DATA TO USE START

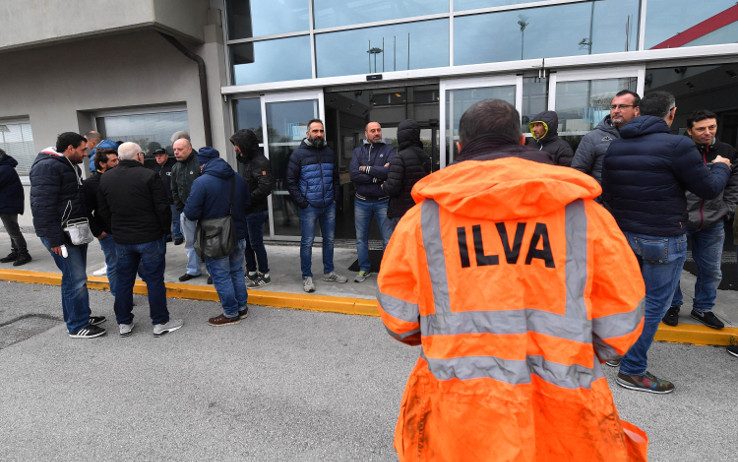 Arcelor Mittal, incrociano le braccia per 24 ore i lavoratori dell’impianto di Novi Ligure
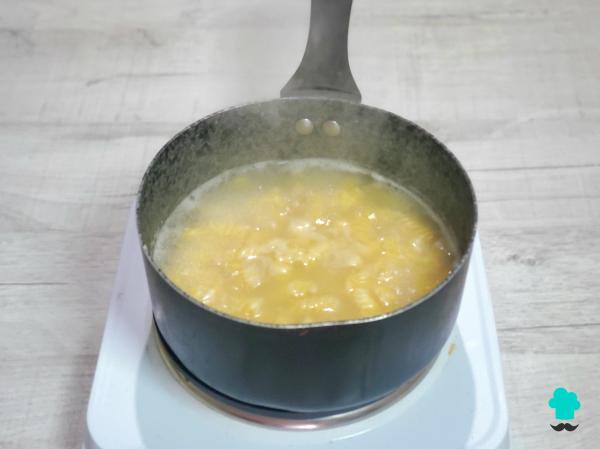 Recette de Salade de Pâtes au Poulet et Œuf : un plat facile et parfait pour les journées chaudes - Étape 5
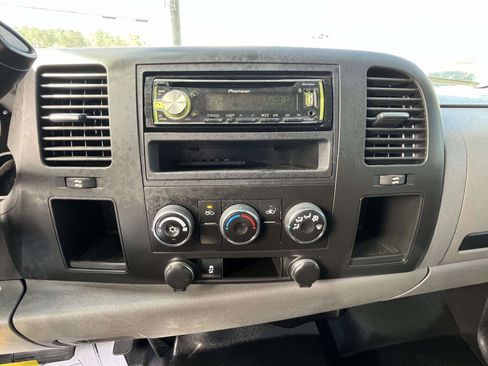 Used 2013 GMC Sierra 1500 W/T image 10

DATA TO USE END
DATA TO USE START

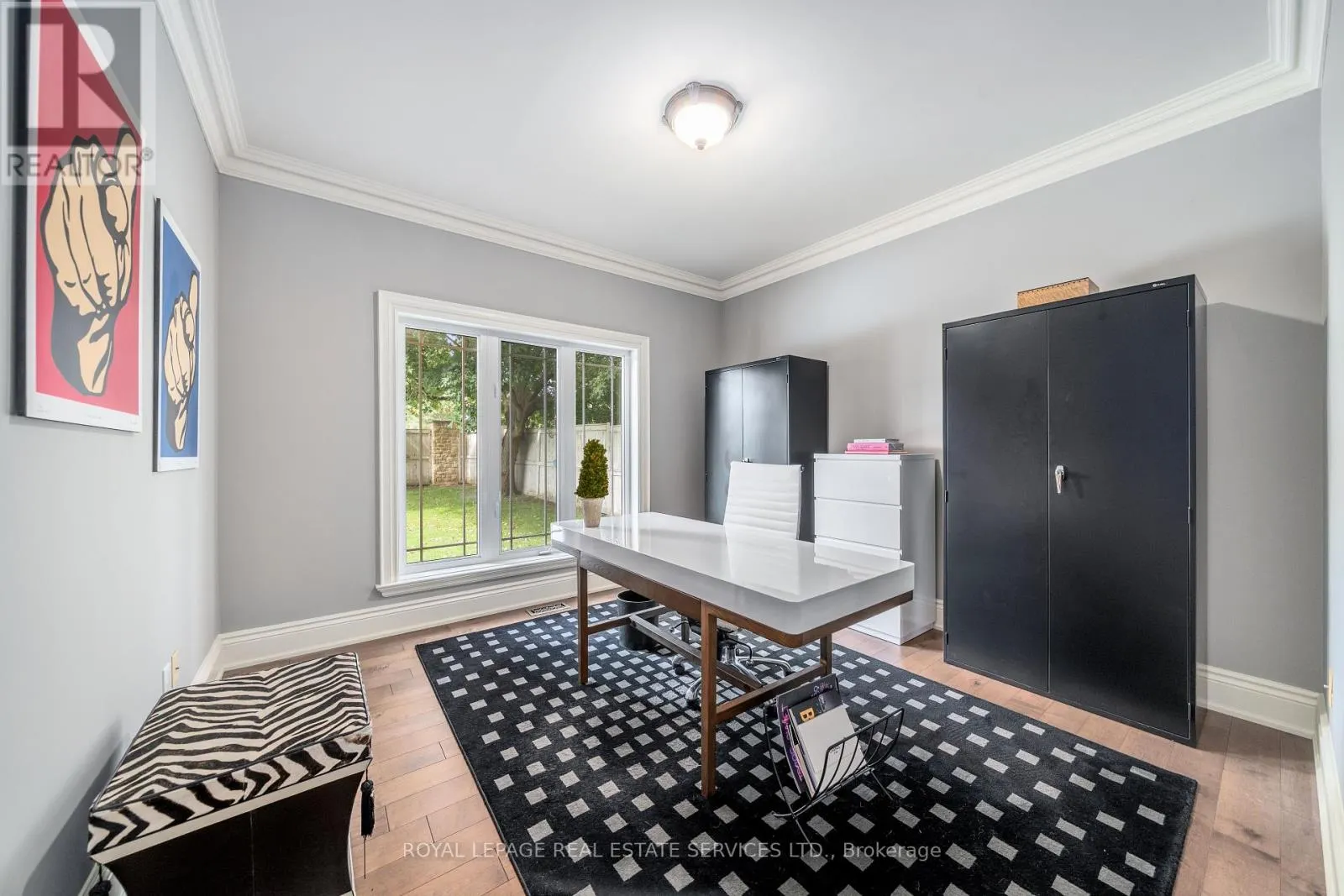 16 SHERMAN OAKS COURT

DATA TO USE END
DATA TO USE START

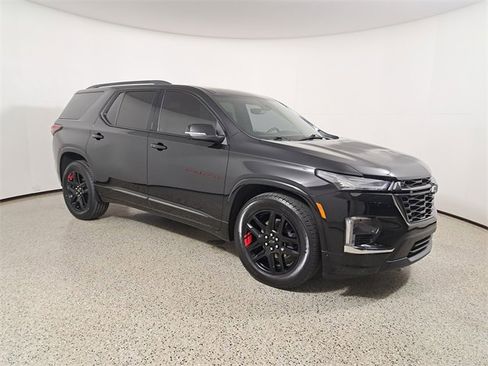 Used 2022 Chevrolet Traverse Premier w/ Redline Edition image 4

DATA TO USE END

TASK: Transcribe, exactly and without pictures, everything in the data from the line with "Recette de Salade" down to the line with "Used 2013 GMC Sierra 1500 W/T image 10", both included.

TASK RESULT:
 Recette de Salade de Pâtes au Poulet et Œuf : un plat facile et parfait pour les journées chaudes - Étape 5
 Used 2013 GMC Sierra 1500 W/T image 10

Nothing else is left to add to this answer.